Quality guidelines - specific guidelines- Avoid hidden text or hidden links.
- Don't use cloaking or sneaky redirects.
- Don't send automated queries to Google.
- Don't load pages with irrelevant keywords.
- Don't create multiple pages, subdomains, or domains with substantially duplicate content.
- Don't create pages that install viruses, trojans, or other badware.
- Avoid "doorway" pages created just for search engines, or other "cookie cutter" approaches such as affiliate programs with little or no original content.
- If your site participates in an affiliate program, make sure that your site adds value. Provide unique and relevant content that gives users a reason to visit your site first.
I do believe that these should be guidelines for sites, but when you put them into practice some have ground to stand on. The main one which is one of the most concered with most vbulletin site owners is the duplicate content theory.
I know this is suppose to be looked down upon but I have put this to the test for a long time and although I know CM and Loco will disagree with me its true, duplicate content in all essence of the idea really isn't something to worry about. For that matter content just matters how often your site is found on google.

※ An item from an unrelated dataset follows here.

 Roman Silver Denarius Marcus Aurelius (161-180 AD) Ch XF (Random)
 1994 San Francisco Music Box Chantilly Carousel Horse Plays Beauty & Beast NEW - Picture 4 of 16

I tried duplicate content in so many ways, they all was listed faster then anything and was ranked atleast to a PR3 or PR4. Even pages with no content besides a header and footer was still ranked with a PR3.
If you really think about it long enough, consider what exactly would make duplicate content affect a site negatively. Estimate atleast 90% of vbulletin sites have the default header, navigation and footer. Profiles and memberlists are going to have similar content.
The next thing is just content. I actually bought a new domain just to test this out. I made a site with no content, yes just a site with a blank html page. All I did was put tons of links out on the site. Most links were text using the single word site. The site instantly went to a PR3. Yes a PR3 isn't very high but much higher then a site with no content should have.
Basically I'm saying this. Guidelines for websites are good and should be enforce. But to anyone concerned with pagerank, if I could see how something more then just links would raise your rank to a site I would love to see it. Becuase so far nothing has showed me its more then just a link game.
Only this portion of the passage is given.